A report co-authored with researchers from the University of North Carolina and Harvard Law School discusses these jurisdictional disputes and the role that the president might play in them through FERC appointments and other mechanisms.
Some of the federal-state friction relates to issues that have broad implications regardless of a state’s system of utility regulation, noted the authors, and some are pertinent to states with restructured electricity markets—like PJM states. Among the former issues are whether and how FERC could use its jurisdiction over interstate markets to influence the economics of nuclear power or to accommodate or preempt state’s policies on nuclear power.
Beyond influencing FERC’s oversight of wholesale markets, the Trump administration could affect the future of the existing nuclear fleet through its approach to climate policy. Although it appears to have little appetite to do so, it could price carbon through a carbon tax, an RTO carbon price, or another market-based policy, thereby giving value to nuclear-powered electricity’s zero-carbon attribute.
Forecasting for Change
In October 2016, the Nicholas Institute and the Duke University Energy Initiative co-hosted a one-day workshop that brought together experts on the electricity sector in the Southeast—including representatives of electric utilities, other market participants, nonprofit organizations, and energy and environmental agencies—to discuss these factors affecting the region’s electricity sector.
We found that participants’ have a growing need for increasingly sophisticated models and forecasting tools to help them deal with new sources of uncertainty and rapid rates of change. These tools, including some developed by the Nicholas Institute, have the potential to help utilities quantify the bounds of uncertainty under different policy and technology-adoption scenarios.
“There’s no doubt that demand for these analytical tools is high among utilities and among regulatory and third-party groups,” Adair said. “It’s one way that institutions like ours can contribute to understanding of the potential future impacts of technological innovation.”
Acknowledging state policy makers’ difficulty in interpreting economic modeling of the electricity sector, the Nicholas Institute partnered with the Bipartisan Policy Center to present recent analyses by organizations that show how such modeling can be used to simulate the various policy, market, and technology uncertainties facing states.

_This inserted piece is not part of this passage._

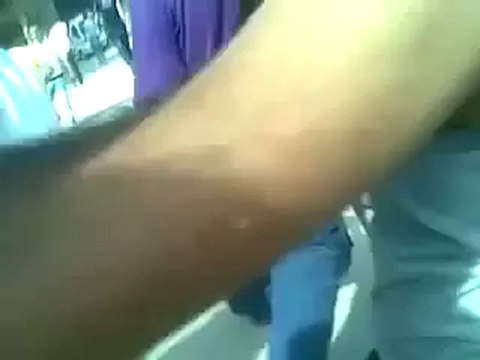 فري برس القامشلي أحد المصابين أثناء تشييع الشهيد مشعل تمو 8 10 2011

“This work was originally designed to help policy makers think through the impacts of the Clean Power Plan,” said Martin Ross, senior research economist at the Nicholas Institute. “But the value of the work extends to helping them understand how to best use economic models and interpret their results when grappling with the challenges and opportunities that this tremendously complex and changing sector presents.”
What models can’t do is predict the actual future—for example, they can’t capture real-world decision making, wherein decision makers must deal with information gaps and non-economic factors. But what these types of modeling analyses can do well, said Ross, is to “highlight findings that are robust under different sets of assumptions about the future, reveal the sensitivity of results to different assumptions, and identify least-cost compliance options.”
Work on these projects was supported by the Z. Smith Reynolds Foundation, the Energy Foundation, and the Merck Family Fund.